Blatter, who is standing for re-election on May 29 against Issa Hayatou of Cameroon, expressed his strong disappointment on Saturday about the latest developments in his conflict with Zen-Ruffinen.

"It is obvious that confidentiality cannot be ensured within our own body. This development, for which I accept no responsibility, is a damning indictment of the style of those involved, and a development that I deeply regret," Blatter wrote in a letter to the Executive Committee released in a FIFA statement on Saturday.

Blatter, who was travelling to China on Saturday, said he would analyse Zen-Ruffinen's allegations before answering in writing the various points raised by the General Secretary, whose behaviour will also be addressed.

Zen-Ruffinen gave Blatter one week to reply to all the allegations, or else he will place the matter in the hands of the Swiss authorities.

On Friday, Blatter had responded to Zen-Ruffinen's allegations by saying at a news conference attended by both men: "There is no crisis at FIFA. This is all a total misunderstanding. I will reply in writing within a week."

Zen-Ruffinen, sitting next to Blatter, said: "I am really looking forward to those answers."

Zen-Ruffinen goes into minute detail in his charges, which he has backed with filed evidence and affidavits from witnesses. In his report the FIFA general secretary says Blatter made "an undue payment to an executive committee member."

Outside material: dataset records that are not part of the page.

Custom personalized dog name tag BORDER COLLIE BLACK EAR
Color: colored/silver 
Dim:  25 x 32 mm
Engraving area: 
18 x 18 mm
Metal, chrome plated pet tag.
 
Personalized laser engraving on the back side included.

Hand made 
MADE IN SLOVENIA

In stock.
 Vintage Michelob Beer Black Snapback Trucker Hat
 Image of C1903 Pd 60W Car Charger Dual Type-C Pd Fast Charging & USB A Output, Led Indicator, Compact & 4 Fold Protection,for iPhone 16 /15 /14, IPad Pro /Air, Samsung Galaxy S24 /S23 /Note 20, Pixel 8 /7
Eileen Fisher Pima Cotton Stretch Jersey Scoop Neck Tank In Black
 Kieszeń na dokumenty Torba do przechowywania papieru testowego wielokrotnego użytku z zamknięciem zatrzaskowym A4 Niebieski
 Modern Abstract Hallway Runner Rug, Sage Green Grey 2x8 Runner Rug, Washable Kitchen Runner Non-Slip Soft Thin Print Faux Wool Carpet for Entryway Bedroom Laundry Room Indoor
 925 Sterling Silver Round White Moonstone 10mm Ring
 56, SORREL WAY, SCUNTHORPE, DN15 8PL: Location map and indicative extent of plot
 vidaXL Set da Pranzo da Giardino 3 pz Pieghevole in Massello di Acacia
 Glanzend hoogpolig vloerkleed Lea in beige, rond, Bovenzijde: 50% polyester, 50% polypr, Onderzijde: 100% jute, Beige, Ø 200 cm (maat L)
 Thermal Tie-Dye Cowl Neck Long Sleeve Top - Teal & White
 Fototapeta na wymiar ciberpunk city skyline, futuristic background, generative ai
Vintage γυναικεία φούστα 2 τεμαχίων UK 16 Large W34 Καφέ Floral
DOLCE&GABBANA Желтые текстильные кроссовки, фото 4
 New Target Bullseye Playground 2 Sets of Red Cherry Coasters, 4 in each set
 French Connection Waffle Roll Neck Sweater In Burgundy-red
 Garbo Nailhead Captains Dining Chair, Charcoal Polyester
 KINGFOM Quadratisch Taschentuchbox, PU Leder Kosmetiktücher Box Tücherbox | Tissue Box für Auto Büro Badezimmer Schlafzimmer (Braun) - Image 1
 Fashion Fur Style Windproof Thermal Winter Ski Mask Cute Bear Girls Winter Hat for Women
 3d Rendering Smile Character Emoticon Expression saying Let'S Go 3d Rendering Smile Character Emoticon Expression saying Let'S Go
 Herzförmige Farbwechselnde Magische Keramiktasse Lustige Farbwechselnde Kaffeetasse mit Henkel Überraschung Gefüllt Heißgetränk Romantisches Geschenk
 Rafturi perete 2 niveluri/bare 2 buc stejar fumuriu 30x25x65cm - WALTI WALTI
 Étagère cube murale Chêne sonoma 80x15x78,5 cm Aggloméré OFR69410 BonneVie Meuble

Zen-Ruffinen states: "Towards the end of 2000, the president decided that an ExCo (executive committee) member should receive the remuneration paid to the ExCo members from July 1998, although he became a member in August 2000 only.

"The president instructed the CFO (chief financial officer) through one of the employees of the finance division to pay to said ExCo member $100,000 for the period 1998-2000. This was duly executed by the CFO.

Zen-Ruffinen also says there was an attempt by Blatter to instigate a campaign against Farah Addo of Somalia, the vice president of the African Football Confederation (CAF), who is leading Hayatou's bid to replace Blatter in the election for the presidency.

In March Addo made allegations against the FIFA president, which a Swiss court last month ordered him not to repeat.

Zen-Ruffinen says in his report the executive committee has agreed in principle to a "disciplinary investigation" of Mr Addo, but adds that Blatter interfered in the process by calling on the chairman of the disciplinary committee and the committee secretary to a meeting in his office to discuss the procedure.

Zen-Ruffinen then alleges that Blatter paid money to a former FIFA referee for making statements about Mr Addo.

"The president, who attended partially the meeting, handed out to him in front of two FIFA employees a check for $25,000 mentioning that (the former referee) would receive an additional $25,000 if the information he provided would suit the purposes of the president."

Zen-Ruffinen also highlights the relationship between Blatter and one of his staunchest supporters, FIFA vice-president Jack Warner.

He says the president has "constantly taken decisions which are favourable to the economical interests of Jack Warner and some of his family members, and thus are contrary to the financial interests of FIFA."

Warner has just been re-elected president of the CONCACAF Confederation comprising North and Central America and the Caribbean.

Zen-Ruffinen also reveals that a company employing a son of Warner's in a leading position was paid more than one million dollars for an internet project in a deal authorised by the president and that another son has also benefited from his family associations.